● **ACTIVITY**:
When you return the material, keep every line exactly as it is and omit the pictures.

● **INFORMATION PROVIDED**:
* * * * * * * * *

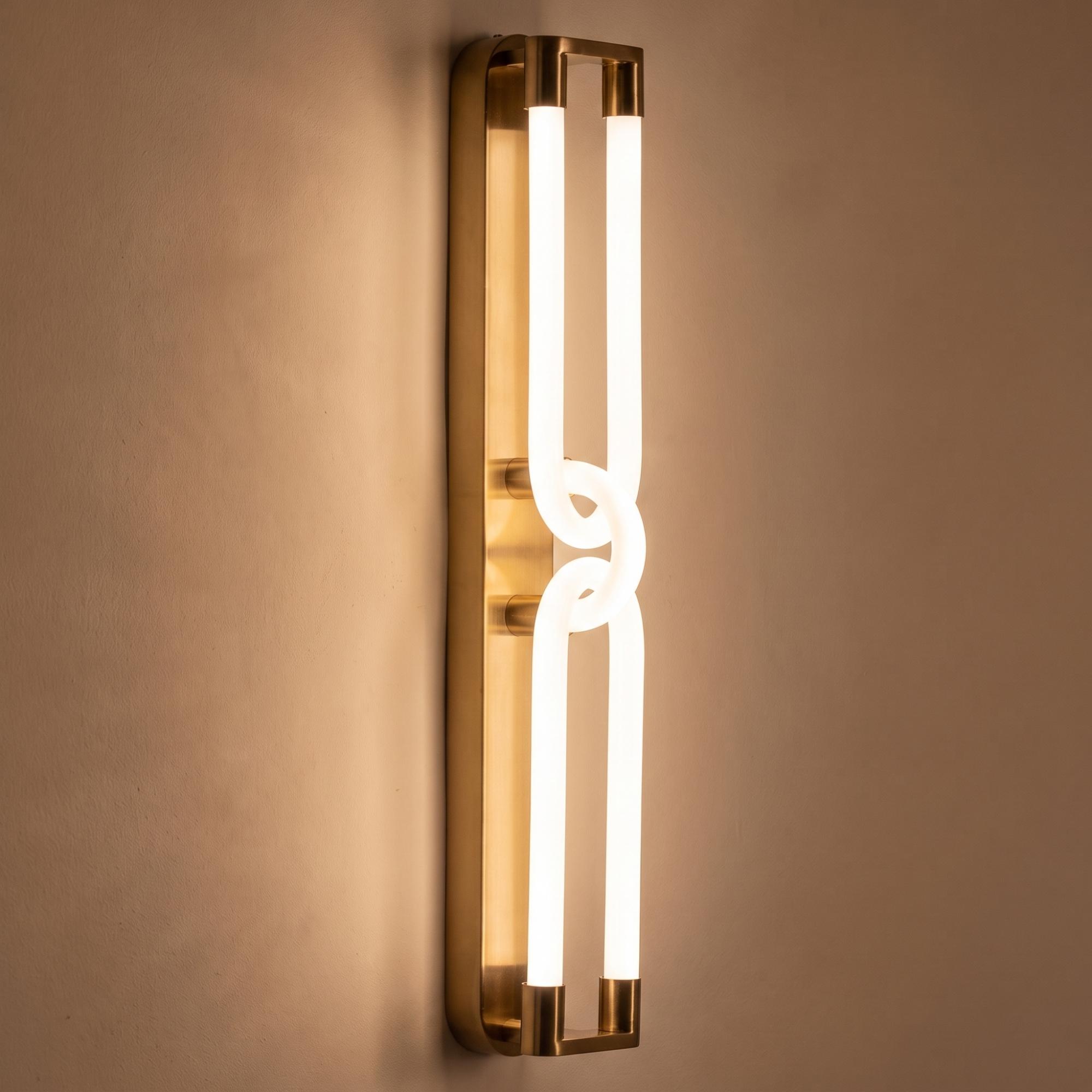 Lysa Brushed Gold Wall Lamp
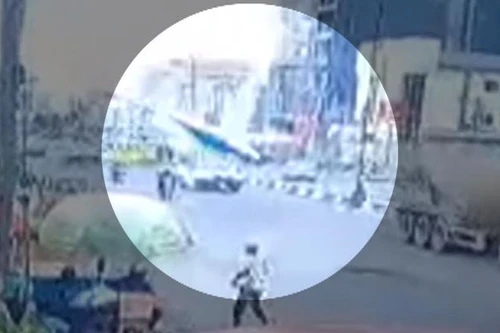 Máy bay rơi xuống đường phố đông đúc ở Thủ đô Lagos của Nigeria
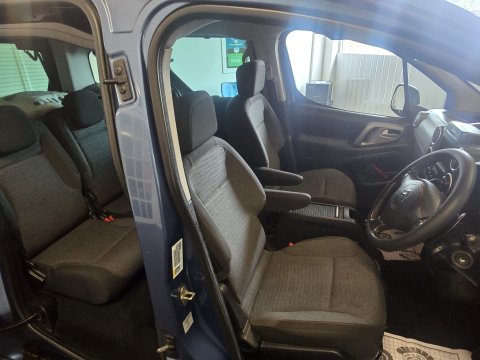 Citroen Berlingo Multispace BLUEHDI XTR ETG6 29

* * * * * * * * *

● **ANSWER TO THE PROBLEM**:
 Lysa Brushed Gold Wall Lamp
 Máy bay rơi xuống đường phố đông đúc ở Thủ đô Lagos của Nigeria
 Citroen Berlingo Multispace BLUEHDI XTR ETG6 29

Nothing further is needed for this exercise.